Using manipulatives, images, and other hands-on approaches are important components of ethnomathematics. When students are able to make sense of the problems or concepts they are learning by using these visuals to literally see the mathematics, it opens up so many doors. Visually understanding mathematics can be a completely different experience than being able to memorize a procedure and for many educators this creates some initial discomfort usually followed by something like: “THAT’S why we do that?! Why didn’t we learn it this way when I was in school?!”. The most common comments I receive when I lead teachers through activities that enable them to conceptually understand mathematics and algorithms are similar to “if we had learned it this way in school I might have actually enjoyed and been good at math”.

Although it saddens me to encounter so many educators who were demoralized by their own math education, it is amazing to see them gaining new understandings of math and to see them inspired to teach math differently than they were taught so that their students won’t experience the same negative effects they did. It also astounds me how few adults (I also do parent math nights) don’t have conceptual understanding of math and so using these visuals provide ways for all of us to understand math in deeper, more meaningful ways.

One of my favorite manipulatives are base 10 blocks for understanding whole number operations, especially place value and decimal operations. These blocks are also fantastic to explore the relationships between fractions, decimals and percents.

Place-based and land-based math activities are a great way to learn more about the land we are learning on and from, as well as our entire learning community. I encourage teachers to do the following so that they can incorporate more place-based learning:

1) If there are any local businesses near your school visit them and ask if there are any math problems that your students might be able to grapple with (an example: my school is across the road from a grocery store and so we inquired about the amount of food that gets wasted and then also looked at the amount of food folks are needing from the nearest food bank).

2) Ask a local business if there is any way to ‘mathify’ their space. Here is an example from twitter 🡪 this is a laundry mat: (https://www.public-math.org/laundromat)

For land-based activities we can use our bodies to estimate distance and then use measuring tapes to test our accuracy. I like to teach students some benchmarks on their bodies (a meter stride or two-step). Students get incredibly more accurate at estimating distances when they are actively walking and counting their meter strides. Once they can estimate a longer distance they can start to grapple with really long distances, like a kilometer – how many times would we have to walk back and forth on our field to walk 1 kilometer? We use proportional reasoning to estimate heights of trees (using a few different methods) and compare for accuracy. We can also use sun shadows to explore navigation and angles.

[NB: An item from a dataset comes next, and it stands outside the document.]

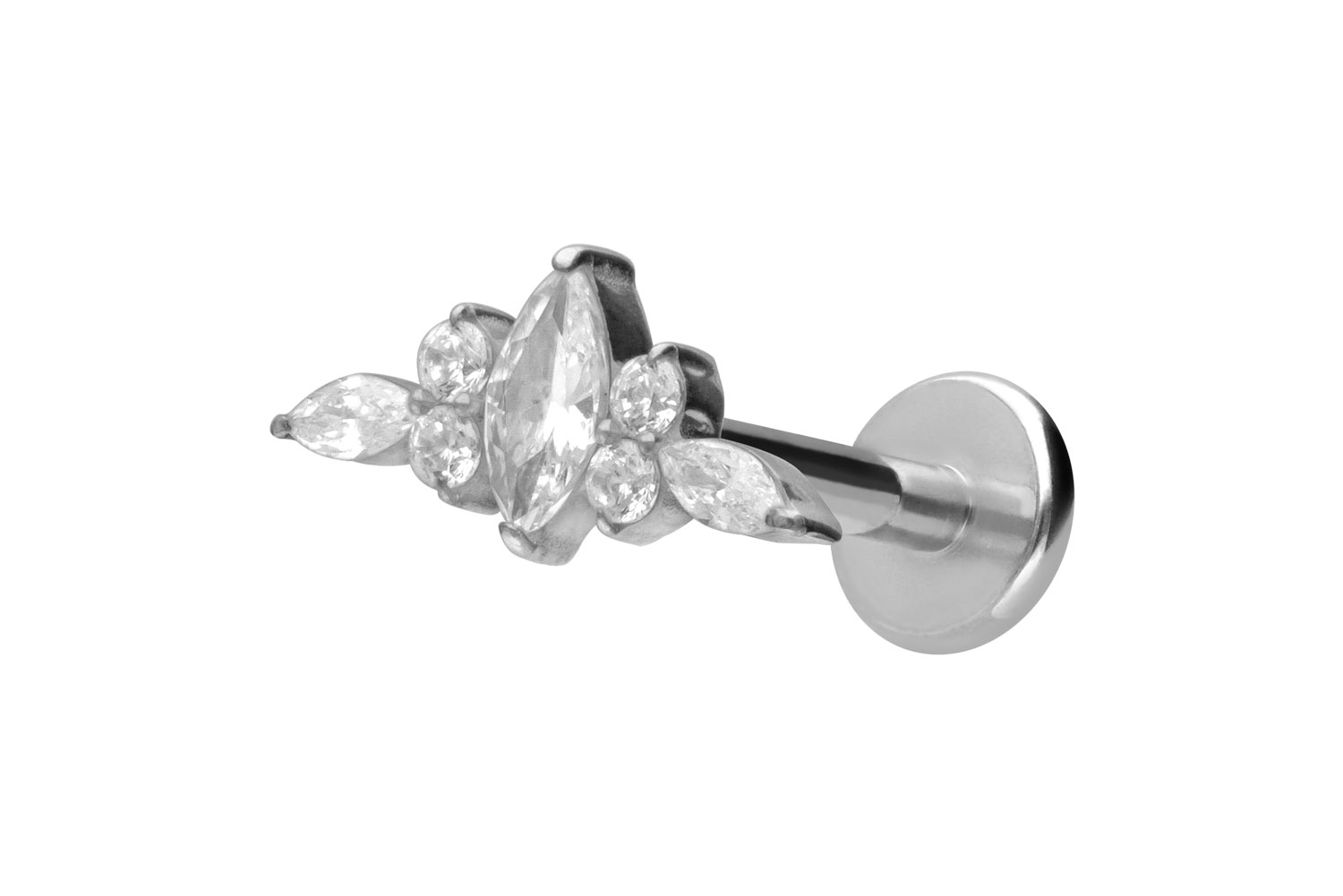 Titan Labret mit Innengewinde DESIGN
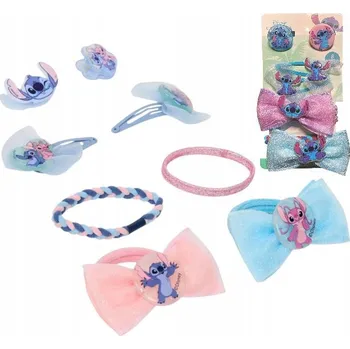 SADA SPONKY a GUMIČKY NA VLASY PRO DÍVKU Stytch 6 ks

Collaborative learning teams support students in developing really important life skills such as: working in a team, communicating effectively, critically and creatively thinking to solve problems. They incorporate these employability skills while at the same time offering a superior pedagogy than independently and silently working through a text book. Collaborating takes a lot of skill and some students usually are not very capable at first, but they very quickly understand the value of creating common group norms and reflecting regularly on how they are working together. Students who tend to be successful at procedural math are challenged to find other ways of explaining the math concepts to their peers. Students who have often felt like they are not good at math are often very good visually and have the chance to shine as they teach their peers their ways of conceptualizing the ideas. Students say that they learn more in groups because they get help as they need it from their peers, rather than having to wait for the teacher (and sometimes their peers can explain it in a better way for them than the teacher). They also report enjoying solving problems in lots of ways and find it interesting to see the different approaches of their classmates.

In my role I have opportunities to try these ideas out with many different classes and have found that these are some of the most impactful ways to make math a class that both students and their teachers enjoy while at the same time providing the necessary rigor. I’m still learning and am currently working on incorporating more culturally sustaining/revitalizing pedagogies, and I will share more updates in the future.